Records drawn from a dataset:
= = =

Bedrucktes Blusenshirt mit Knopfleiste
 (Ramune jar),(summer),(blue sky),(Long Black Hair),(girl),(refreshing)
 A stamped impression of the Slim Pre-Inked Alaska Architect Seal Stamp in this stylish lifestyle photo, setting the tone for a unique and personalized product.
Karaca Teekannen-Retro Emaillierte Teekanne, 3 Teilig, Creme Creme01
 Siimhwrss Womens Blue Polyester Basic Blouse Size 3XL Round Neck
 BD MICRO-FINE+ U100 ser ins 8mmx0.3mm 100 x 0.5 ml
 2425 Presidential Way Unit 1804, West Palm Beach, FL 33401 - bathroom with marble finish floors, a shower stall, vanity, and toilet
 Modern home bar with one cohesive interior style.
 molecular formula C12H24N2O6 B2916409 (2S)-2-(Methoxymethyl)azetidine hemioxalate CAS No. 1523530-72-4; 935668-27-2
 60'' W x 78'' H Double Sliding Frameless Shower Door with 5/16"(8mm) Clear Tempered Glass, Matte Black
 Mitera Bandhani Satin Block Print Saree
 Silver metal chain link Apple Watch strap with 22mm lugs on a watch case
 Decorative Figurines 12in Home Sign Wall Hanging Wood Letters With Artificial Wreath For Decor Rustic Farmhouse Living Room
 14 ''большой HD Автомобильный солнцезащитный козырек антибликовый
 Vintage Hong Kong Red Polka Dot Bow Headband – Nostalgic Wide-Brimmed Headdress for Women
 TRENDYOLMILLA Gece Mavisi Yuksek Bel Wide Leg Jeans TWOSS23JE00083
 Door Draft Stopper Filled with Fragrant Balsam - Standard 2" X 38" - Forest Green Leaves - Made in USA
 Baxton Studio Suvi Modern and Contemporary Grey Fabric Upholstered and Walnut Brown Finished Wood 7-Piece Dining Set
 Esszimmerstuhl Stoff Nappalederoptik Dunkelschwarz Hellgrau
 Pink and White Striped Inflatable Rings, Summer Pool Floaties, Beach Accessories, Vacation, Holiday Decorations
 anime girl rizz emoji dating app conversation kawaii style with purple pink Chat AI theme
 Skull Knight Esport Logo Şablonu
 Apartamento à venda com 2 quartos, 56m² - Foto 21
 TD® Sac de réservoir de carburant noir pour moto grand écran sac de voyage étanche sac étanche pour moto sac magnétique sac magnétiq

= = =

▸ **Task to carry out**:
Your answer should be each line of the data that contains the word "girl", copied as it stands.

▸ **Exercise answer**:
 (Ramune jar),(summer),(blue sky),(Long Black Hair),(girl),(refreshing)
 anime girl rizz emoji dating app conversation kawaii style with purple pink Chat AI theme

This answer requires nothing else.